Among the entries below, copy only the span from the line containing "Подушка двигателя Metalcaucho 05581" through the line containing "Двигун Renault Kangoo". Do so exactly, and skip the pictures.

RAW DATA:
* * * * * * *

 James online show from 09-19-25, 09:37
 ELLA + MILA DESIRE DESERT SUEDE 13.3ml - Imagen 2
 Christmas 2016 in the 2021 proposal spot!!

* * * * * * *

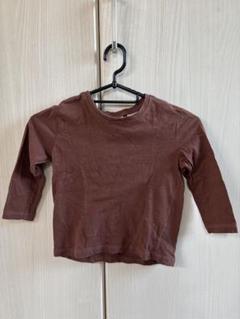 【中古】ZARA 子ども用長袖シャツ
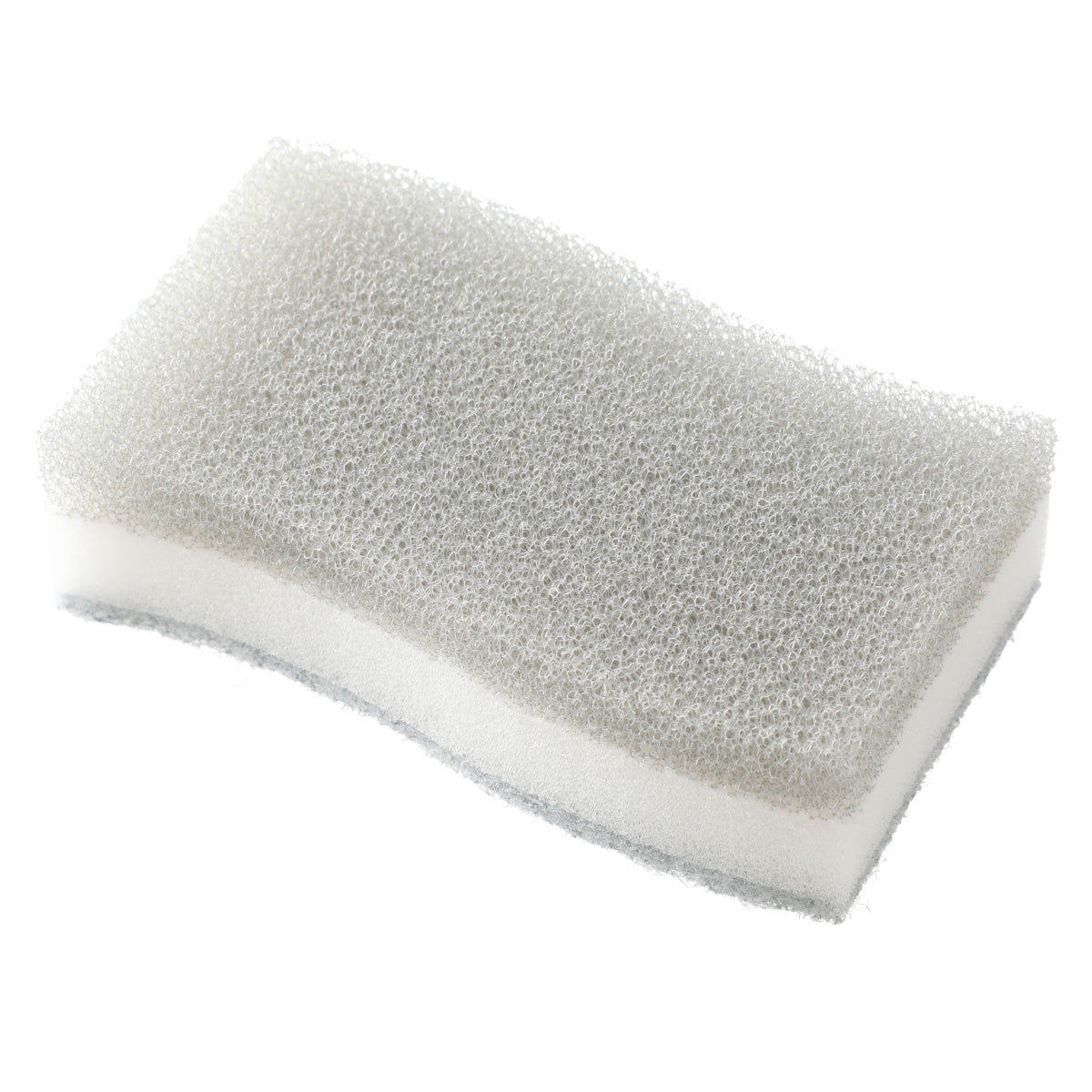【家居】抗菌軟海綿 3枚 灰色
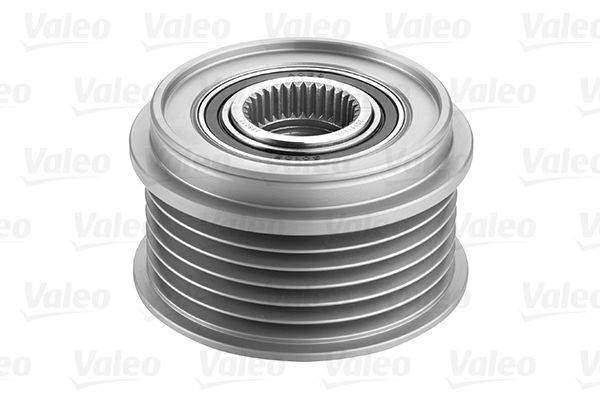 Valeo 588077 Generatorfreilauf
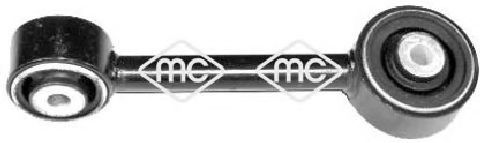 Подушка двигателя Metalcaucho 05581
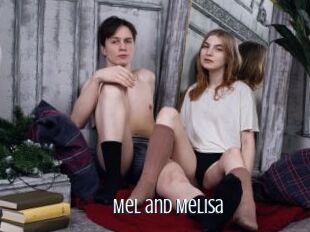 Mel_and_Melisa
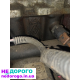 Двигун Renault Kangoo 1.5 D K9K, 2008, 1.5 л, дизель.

* * * * * * *

RESPONSE TO THIS EXERCISE:
 Подушка двигателя Metalcaucho 05581
 Mel_and_Melisa
 Двигун Renault Kangoo 1.5 D K9K, 2008, 1.5 л, дизель.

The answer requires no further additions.